Last and most difficult to figure out is whether or not the wig you are buying matches all your needs. Seriously spend time practicing in the mirror, maybe on an older wig, on a friends ponytail wig or even go into a few stores and tell them you are just looking. Try to see if you would wear the pony higher up or lower down, or if you don’t like the look of a pony at all. If you are wearing it down, ask around to find out if it gets knotty when worn down. Also, if you have more expensive sheitels at home, be aware that the most common reaction to cheaper quality hair is that it gets “dirtier” faster. This may mean that it looks greasy or frizzy earlier than you would expect from your more expensive wigs, and may need to be washed and set more often.
For people who are accustomed only to more expensive hair, a ponytail wig may seem like a brief reprieve from spending too much on your wigs, but in the end, you may never be happy with it. My last but most important recommendation is not to buy on sale. Many of these sales force you to make an impulse decision, and the best way to decide on your wog is to take time to research your options. If you’ve already done the research, and you happen upon a sale at the exact brand you chose to buy, then just make sure to check if the cut is included. If not make sure to add that to the cost in your head so that you are comparing prices properly.
Mind if I ask- what’s the average price for a ‘good’ quality pony shaitel? (I don’t know if you answer price questions, but it’s something I would love an opinion about…)
Price is such a variable thing because it really depends on every different sheital macher (if you are using a sheital macher).
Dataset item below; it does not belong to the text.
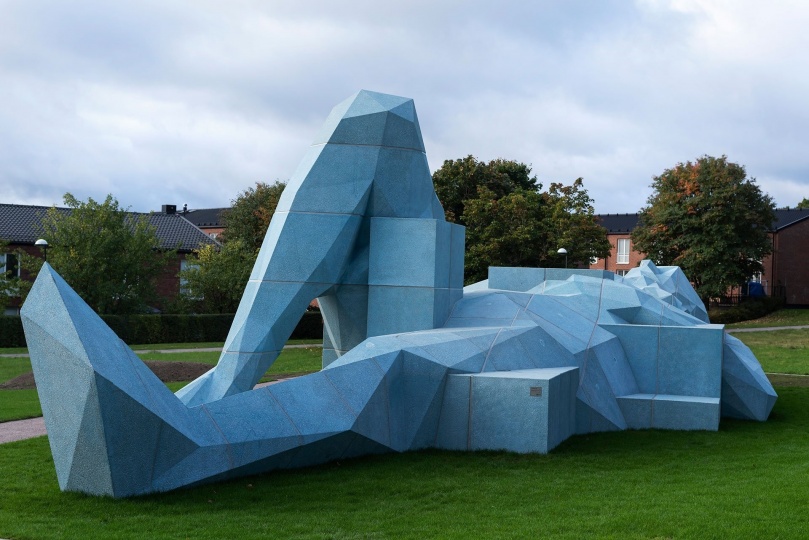 В парке в Стокгольме появились гигантские скульптуры Ксавье Вейлана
It also varies based on the quality of hair and length, and you have to consider whether or not the cut is included or you are going to pay extra. so the price ranges that we can give you are just that – only ranges and estimates.
Now that we said that, we can tell you that the going rate now, are approximately $500-$1500 for cheaper hair mostly depending on length and brand and $2000-$3000 for better quality hair.
Some brands are above or below these ranges but this is our best estimate.